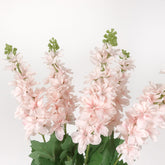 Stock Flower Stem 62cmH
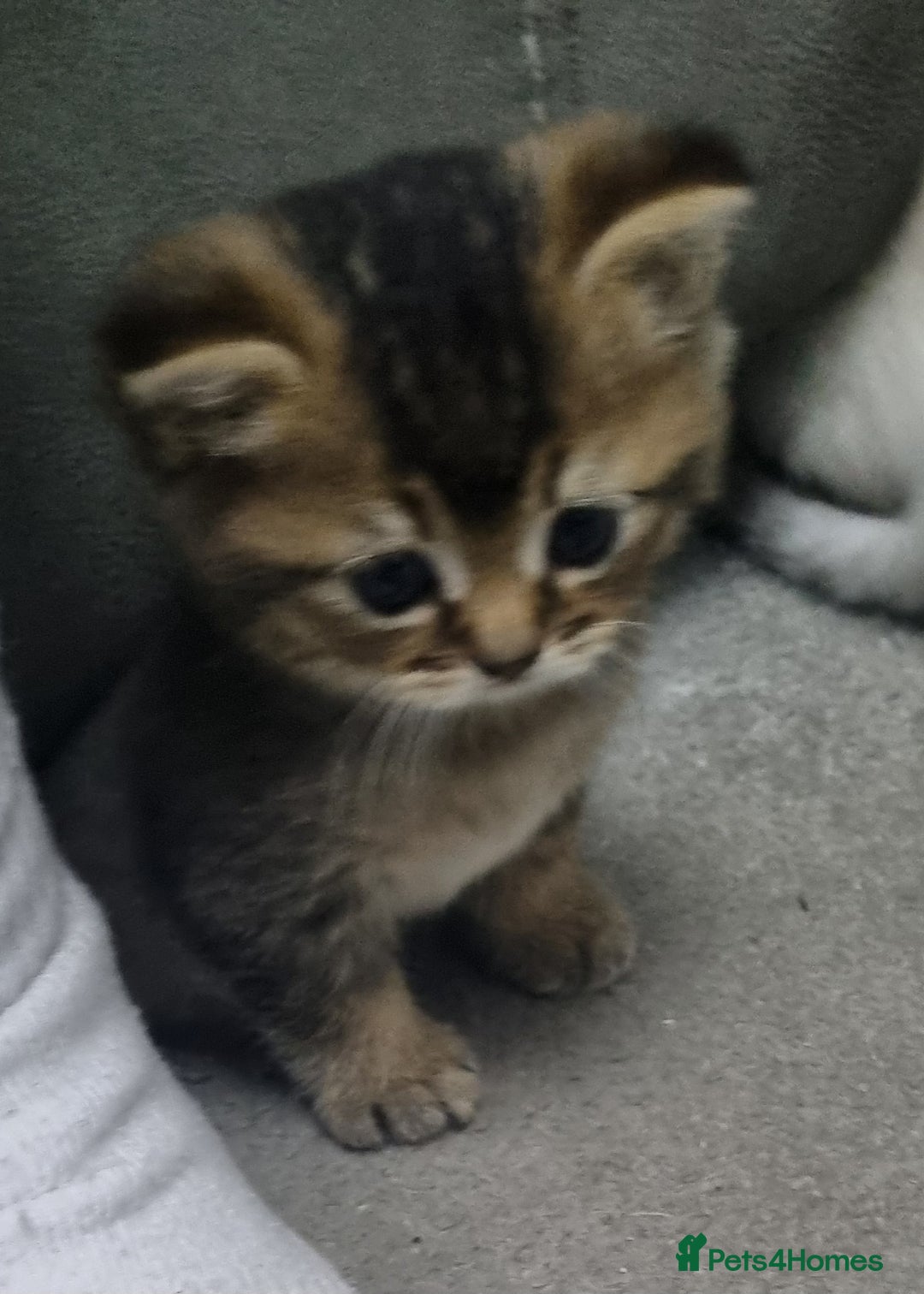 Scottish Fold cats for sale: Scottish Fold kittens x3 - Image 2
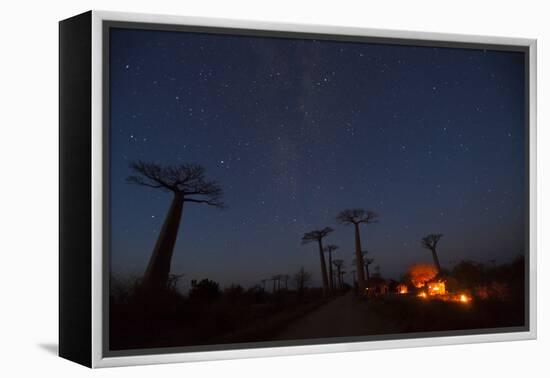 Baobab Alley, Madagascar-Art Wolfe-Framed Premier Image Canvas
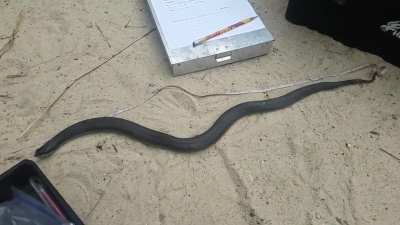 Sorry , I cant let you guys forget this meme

◆ ◆ ◆

Except for the pictures, please retype the listing above exactly.

▸ **ANSWER TO THIS EXERCISE**
 Stock Flower Stem 62cmH
 Scottish Fold cats for sale: Scottish Fold kittens x3 - Image 2
 Baobab Alley, Madagascar-Art Wolfe-Framed Premier Image Canvas
 Sorry , I cant let you guys forget this meme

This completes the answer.